By Group "Text Trader"
From Sentiment Analysis to Quantitative Backtesting
At the intersection of finance and natural language processing, we have completed an end-to-end project that spans from text sentiment analysis to quantitative investment strategies. The previous blog post described the steps and methods we implemented for automated text collection and pre-processing. This blog reflects on our iterative process, the technical hurdles we cleared, and the journey of transforming unstructured financial narratives into actionable trading strategies.
I. Sentiment Analysis Pipeline
1. Model Selection: The Efficiency-Accuracy Frontier
Choosing the "brain" for our sentiment engine was not a matter of trial and error, but a strategic decision informed by recent literature in financial NLP. We evaluated our options by balancing linguistic depth against computational feasibility, specifically referencing the comparative frameworks provided by Mahendran et al. (2025) and Neshaei et al. (2024).
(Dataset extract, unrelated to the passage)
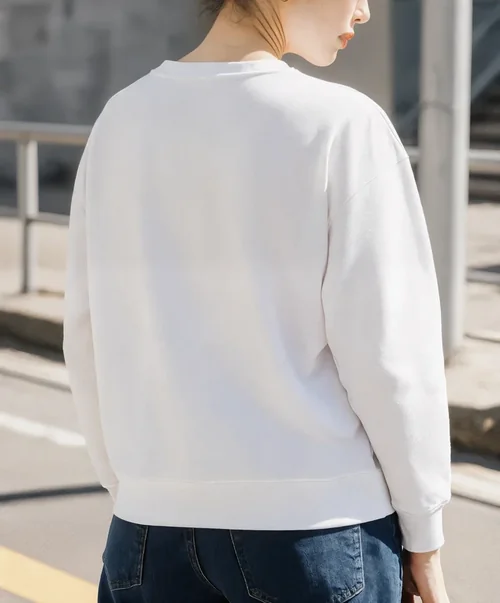 Stylish Mockup of a Relaxed Fit Sweatshirt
We considered 3 options: Distilbert-ss, FinBERT and Bert-large. According to Mahendran et al., while FinBERT remains a specialized benchmark for Financial Sentiment Analysis (FSA), the integration of lighter transformer architectures often provides a more agile framework for large-scale data indexing. Furthermore, the research by Neshaei et al. on the robustness of transformer-based classifiers highlighted that smaller, optimized models like DistilBERT can maintain high performance while significantly reducing the "computational tax" during the encoding phase.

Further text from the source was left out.